Um mês após este episódio realizou colonoscopia com ileoscopia, que não revelou alterações. Realizou avaliação analítica para pesquisa de síndromes protrombóticos e vasculites que foi negativa: antitrombina III; proteína S e C; anticoagulante lúpico; resistência à proteína C activada; inibidor do activador do plasminogénio; homocisteína; anticorpos anti-cardiolipina e anti-beta 2 glicoproteína, anticorpos antinucleares e citoplasmáticos; anticorpos anti-ANCA, anti-SSA, anti-SSB, anti-Sm, anti-RNP; imunocomplexos circulantes. Realizou ainda Angio-TC abdominopélvica que excluiu alterações vasculares e electrocardiograma que foi normal.
A primeira hipótese diagnóstica colocada foi a de colite isquémica, considerando características clínicas e endoscópicas típicas, apesar da idade jovem e ausência de fatores de risco conhecidos, além da contracepção oral. A doente encontrava-se medicada com contraceptivos combinados com progesterona de 3ª geração que apresentam maior risco trombótico. A colite infecciosa também foi considerada, embora a ausência de febre e os parâmetros inflamatórios normais tornassem essa hipótese menos provável. As coproculturas e o exame parasitológico foram negativos. Os agentes sexualmente transmissíveis também foram investigados, apesar de comumente afetarem o ânus e recto em vez do cólon (as serologias para o HIV e Chlamydea trachomatis foram negativas, assim como o VDRL e o TPHA). Apesar da idade jovem poder apontar para doença inflamatória intestinal, a preservação rectal excluiu a colite ulcerosa e os achados endoscópicos não foram sugestivos de colite de Crohn, que normalmente apresenta ulcerações; além disso, esta doença não é frequente em doentes de raça negra.
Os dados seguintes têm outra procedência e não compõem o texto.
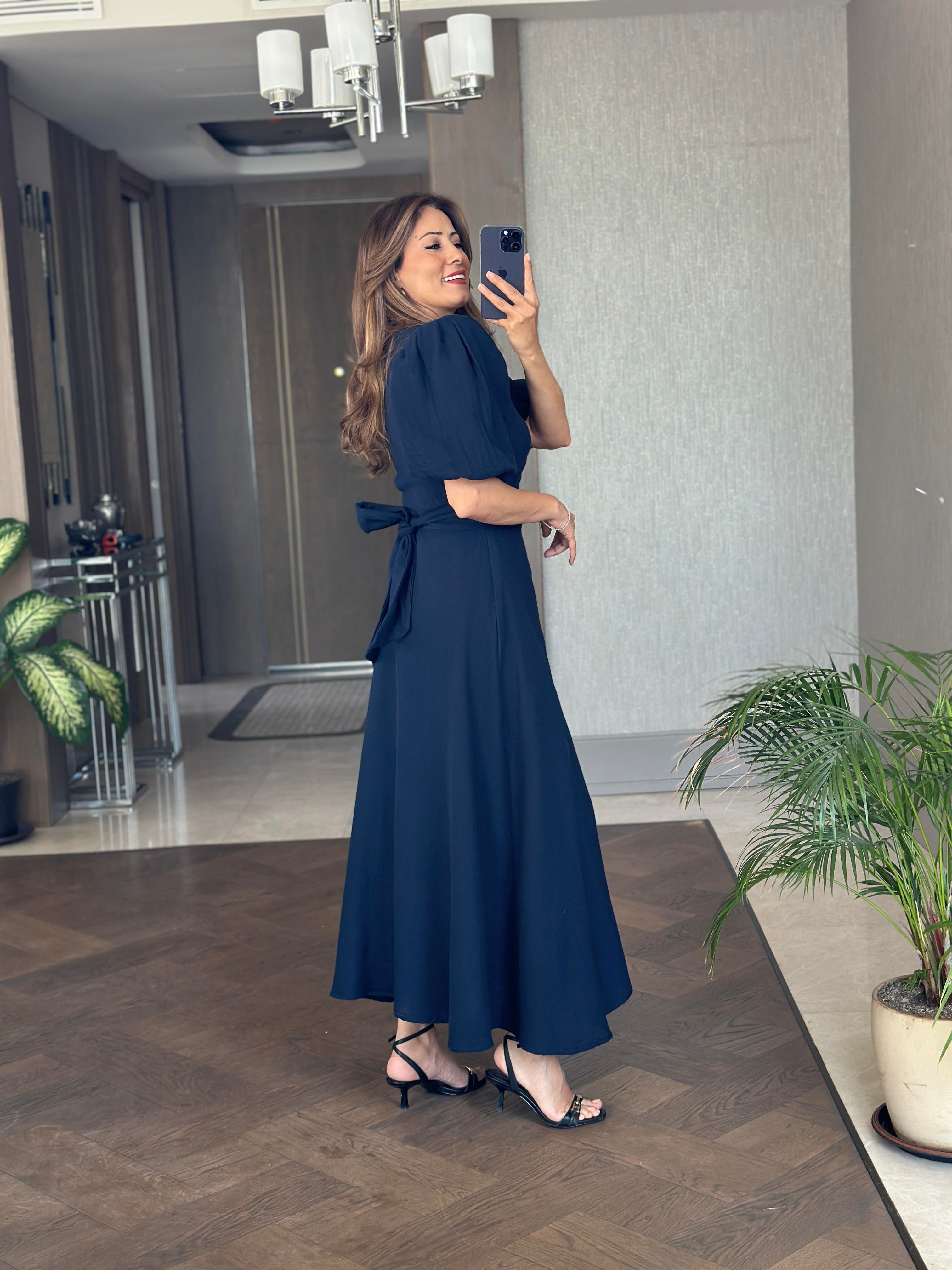 Lacivert Tek Yırtmaçlı Vatkalı Müslin Kumaş Kadın Maksi Boy Elbise 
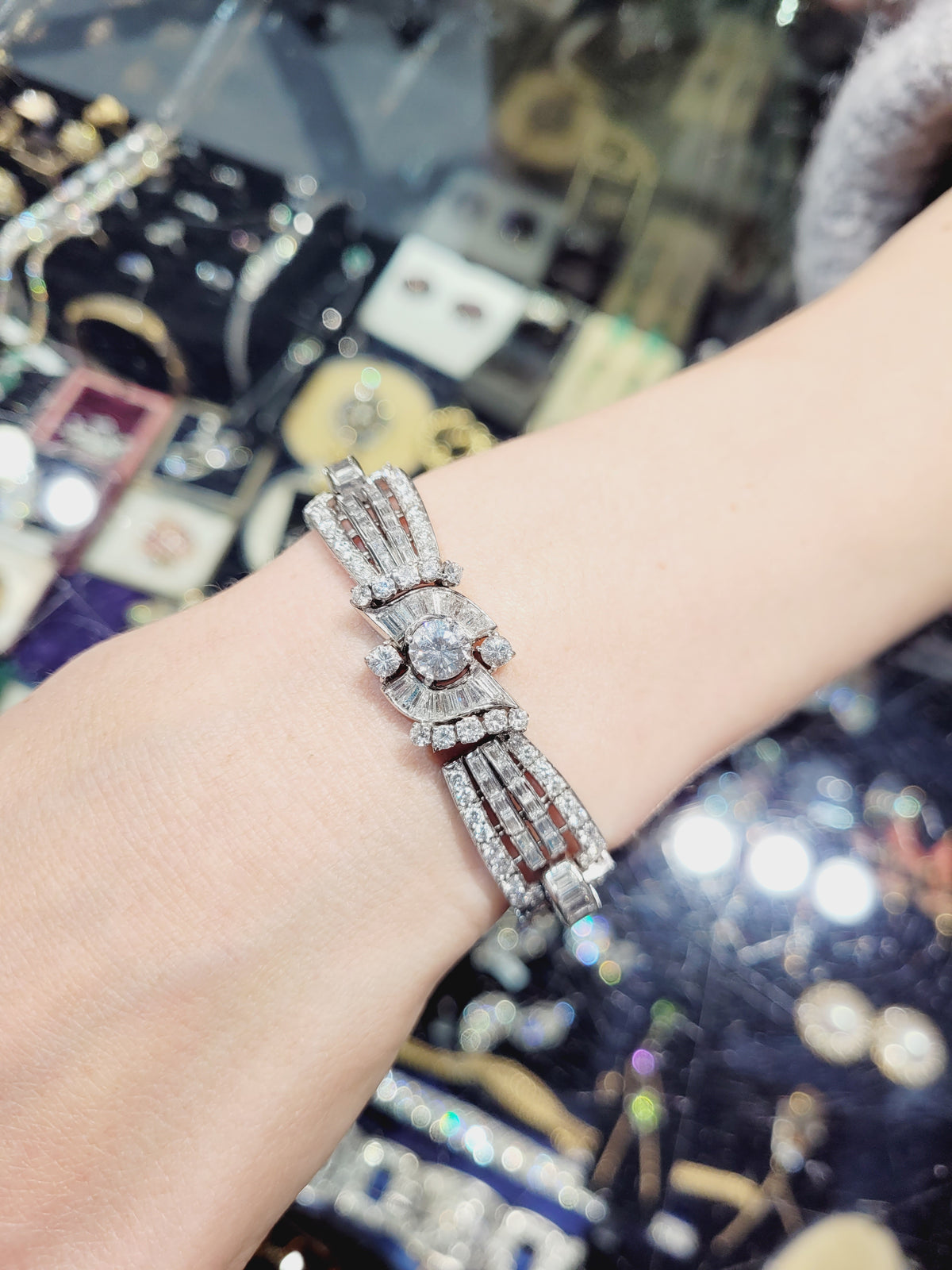 Artdeco diamond and baguette diamond bracelet
SKU: 7352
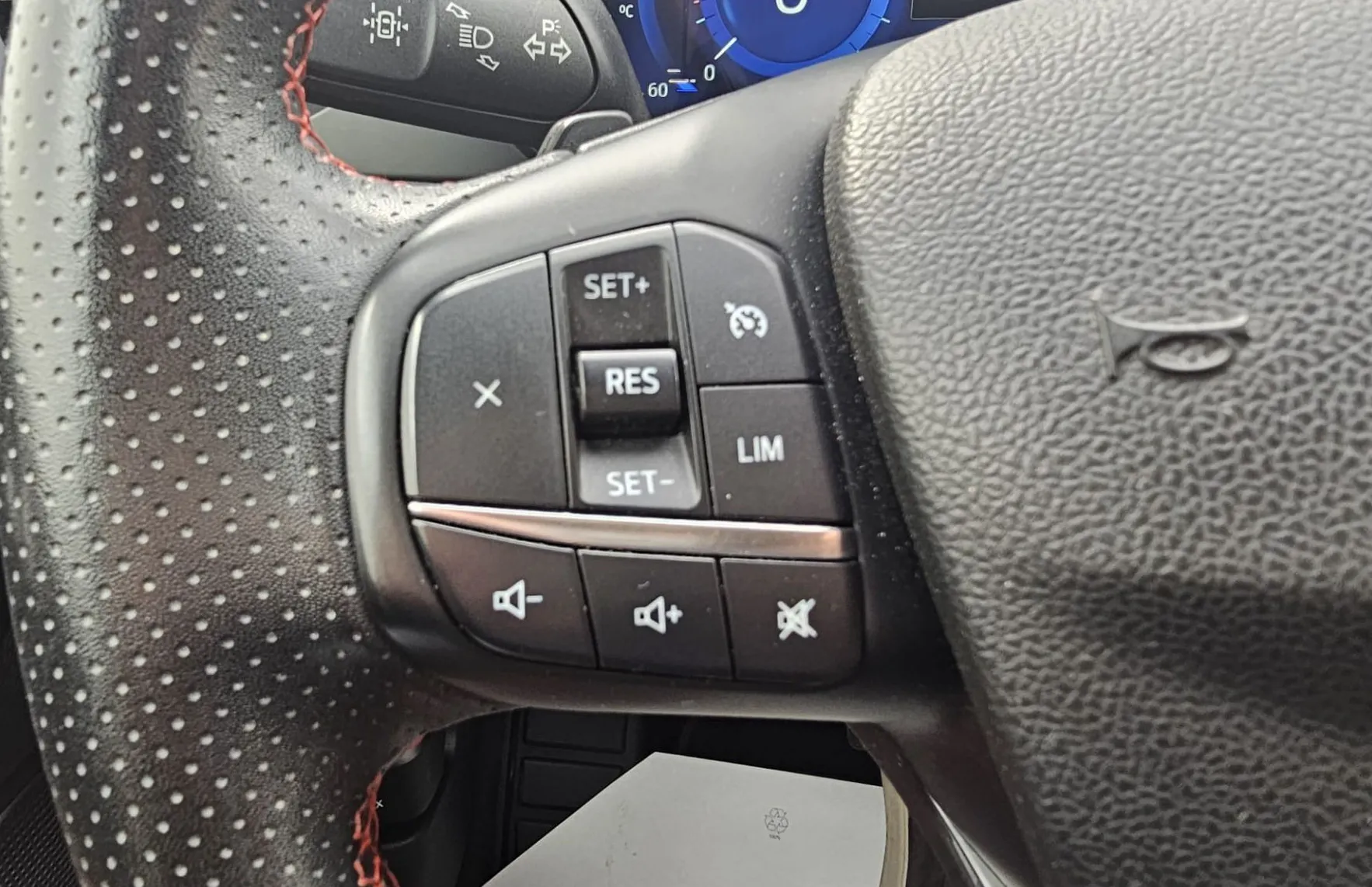 Zunanja slika - Ford Kuga - 2.0 EcoBlue ST-Line X Avt.|alcantara|2xPDC+kamera| - 13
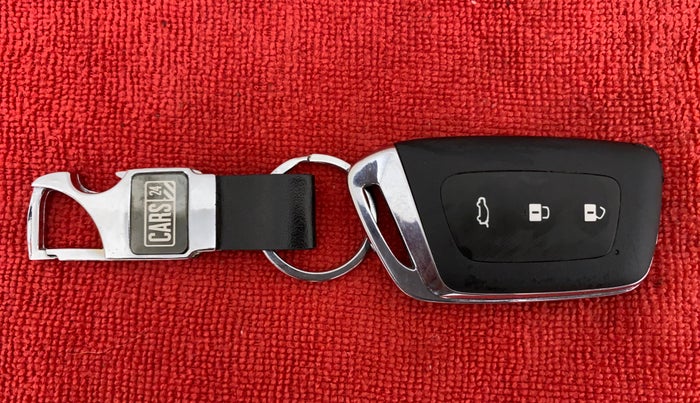 2020 MG HECTOR SHARP DCT PETROL, Petrol, Automatic, 39,940 km, Key Close Up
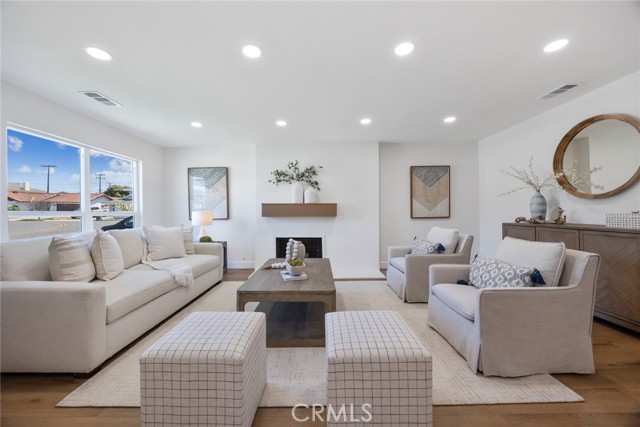 6432 Myrtle DR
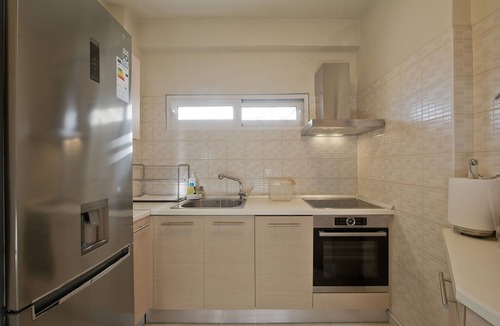 Vouliagmeni Apartment | LucyZen! Stylish Apt, Athenian Riviera, near beach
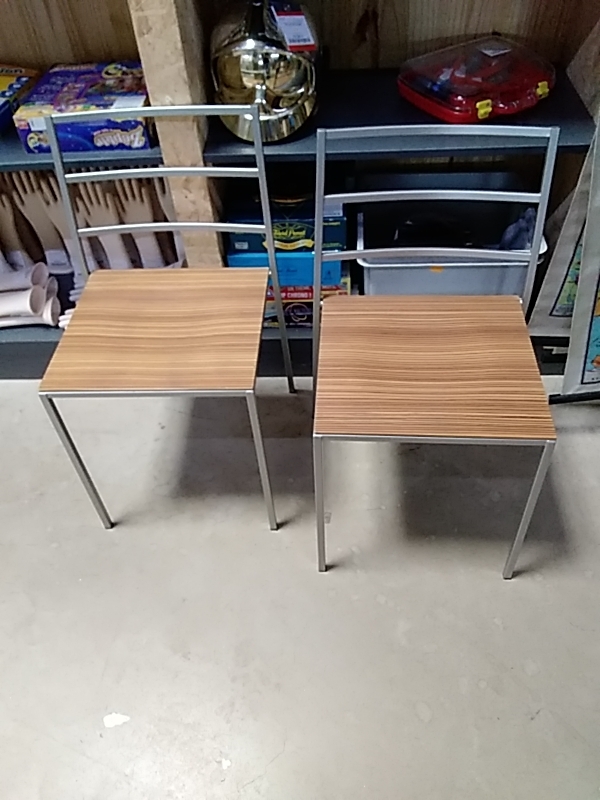 LOT DE 2 CHAISES DESIGN CALLIGARIS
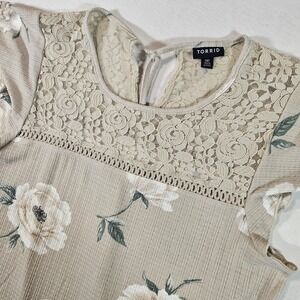 Torrid Babydoll Top Women's Size 00 Beige Floral Print Lace Yoke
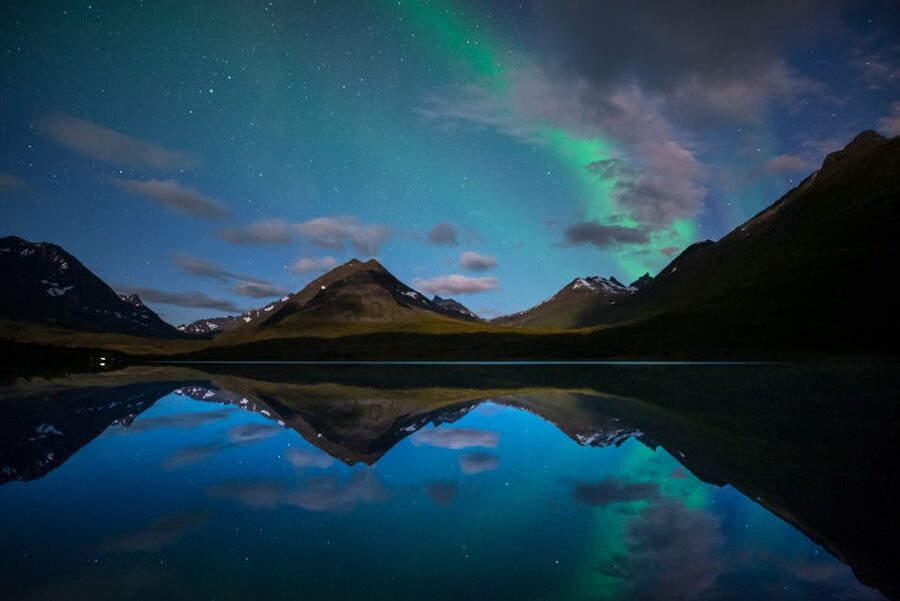 Tromsø: Expert Aurora Hunt - Thermal Gear, Food, Campfire - Aurora Portraits and Tripod Help That Actually Improves Shots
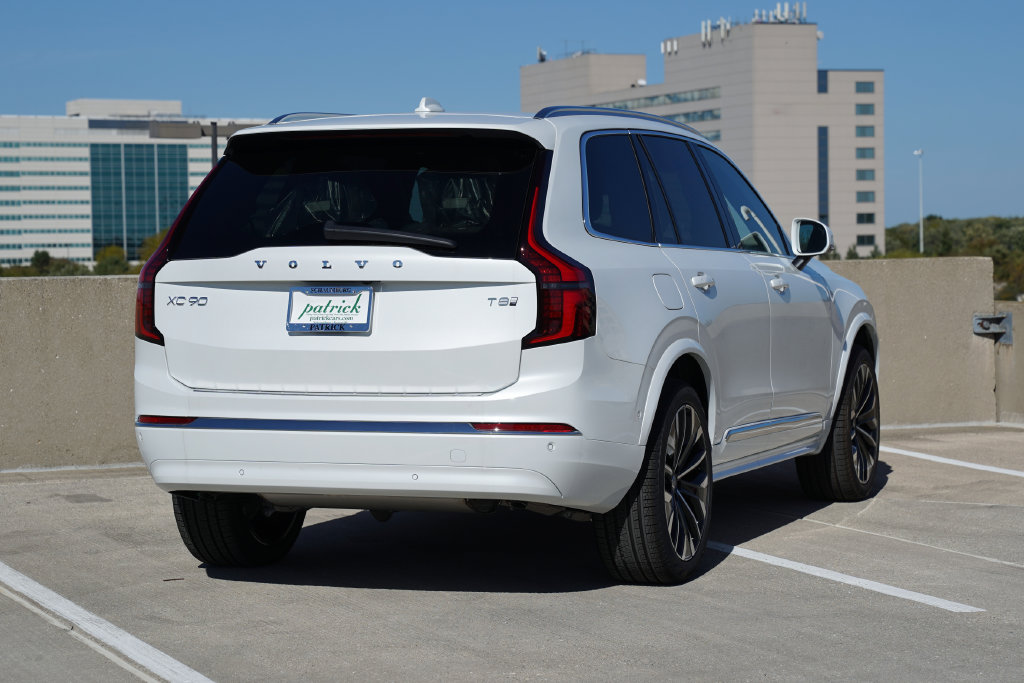 New 2027 Volvo XC90 plug-in hybrid T8 Plus 7-Seater SUV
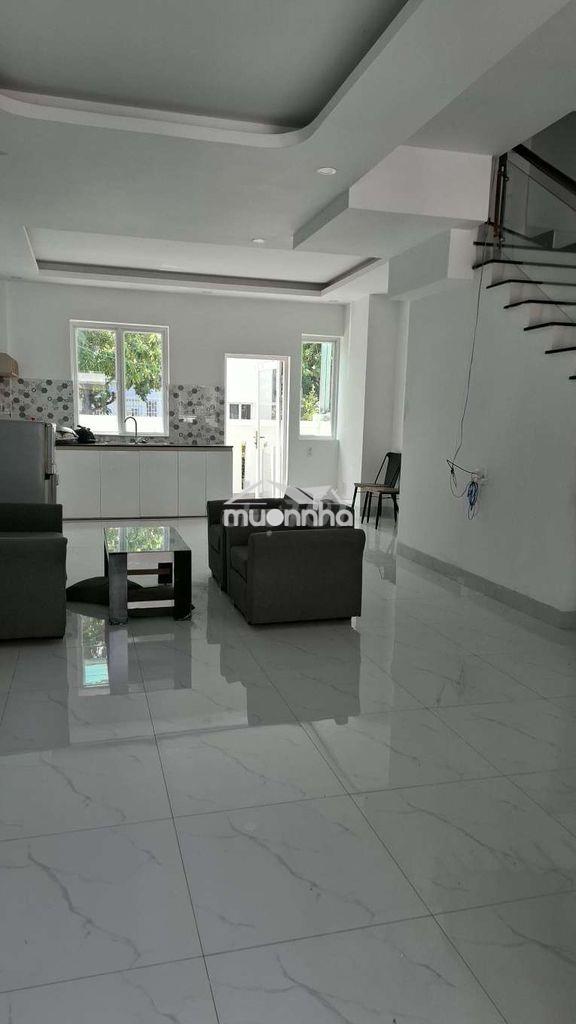Gc ❌cho thuê nhà phố suncasa1 hòa phú 
3pn 3wc full nội thất 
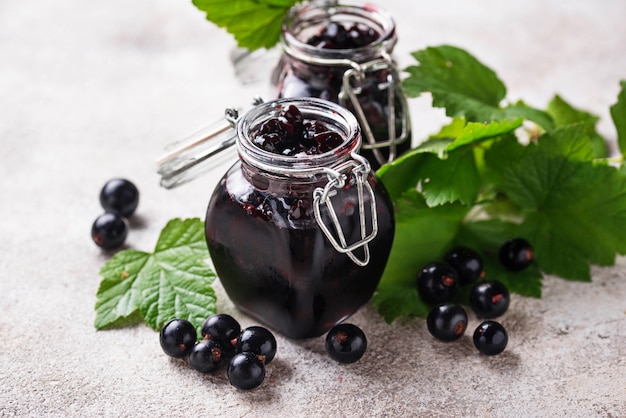 Confiture de cassis dans un bocal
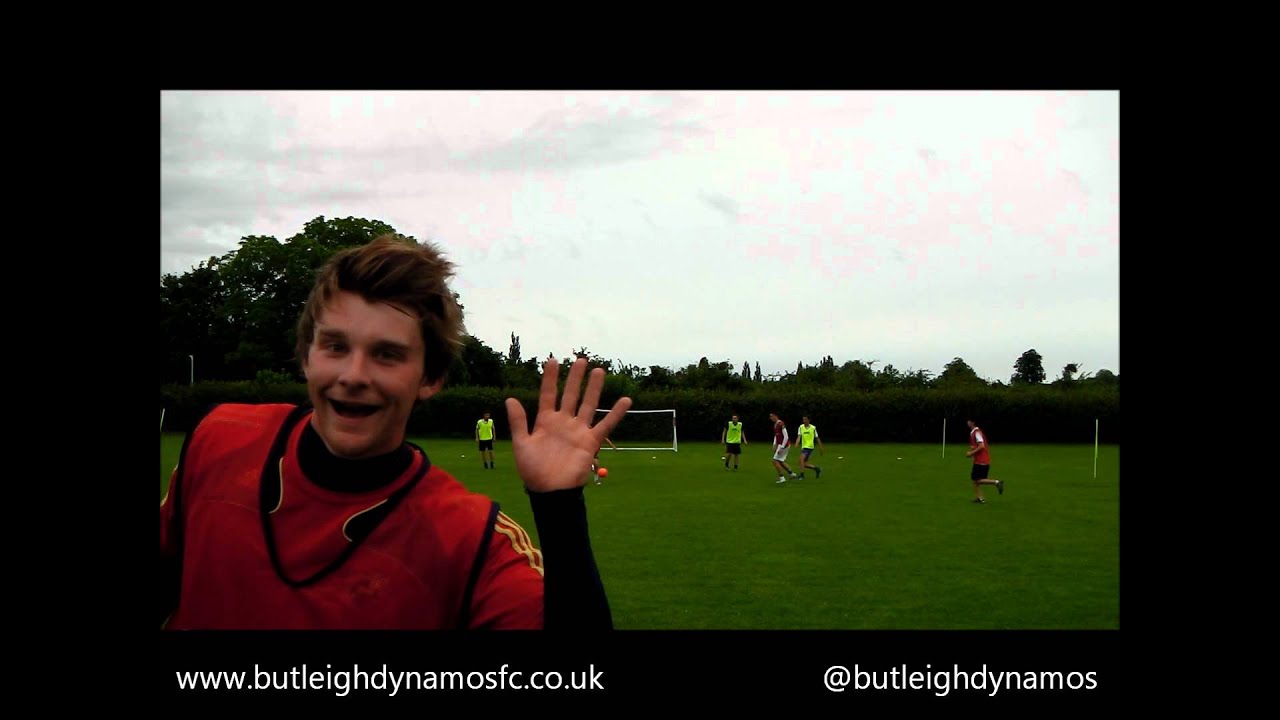 Butleigh Dynamos TV - Switching play and attacking a narrow defence.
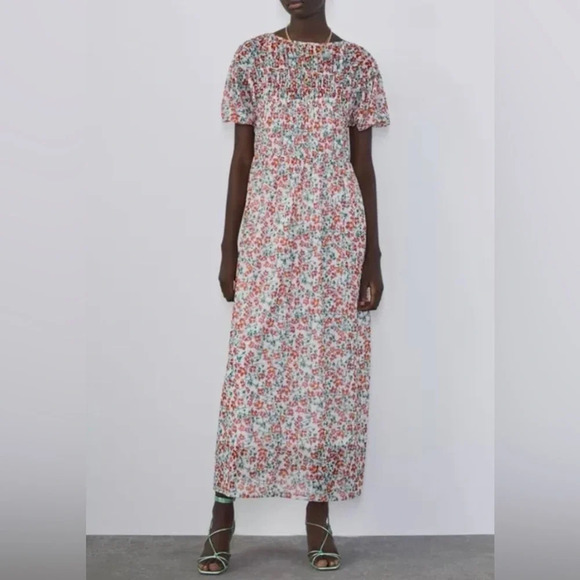 ZARA Floral Smocked Maxi Dress Puff Sleeve Size Small Bohemian Preppy Casual - Picture 6 of 7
A associação entre colite isquémica e contraceptivos orais em jovens do sexo feminino tem sido descrita em séries de casos, apesar de não existir relação estabelecida até à data.4
Os autores pensam que esta condição possa ser mais comum do que a estimada atualmente, considerando que este tipo de doentes não realize muitas vezes exames endoscópicos de forma oportuna e os seus sintomas possam ser interpretados erroneamente como de origem proctológicas. No caso desta doente, o diagnóstico teria sido facilmente perdido sem uma rectosigmoidoscopia precoce, deixando-a em risco de recidiva ou com necessidade de terapêuticas mais agressivas e, portanto, com maior risco de morbi-mortalidade.O prognóstico da colite isquémica depende da extensão da lesão endoscópica e das comorbilidades do doente. Cerca de 85% dos casos resolve em duas semanas com terapêutica conservadora com pausa alimentar, fluidoterapia e antibioterapia empírica. Os restantes podem progredir para peritonite com necessidade cirúrgica.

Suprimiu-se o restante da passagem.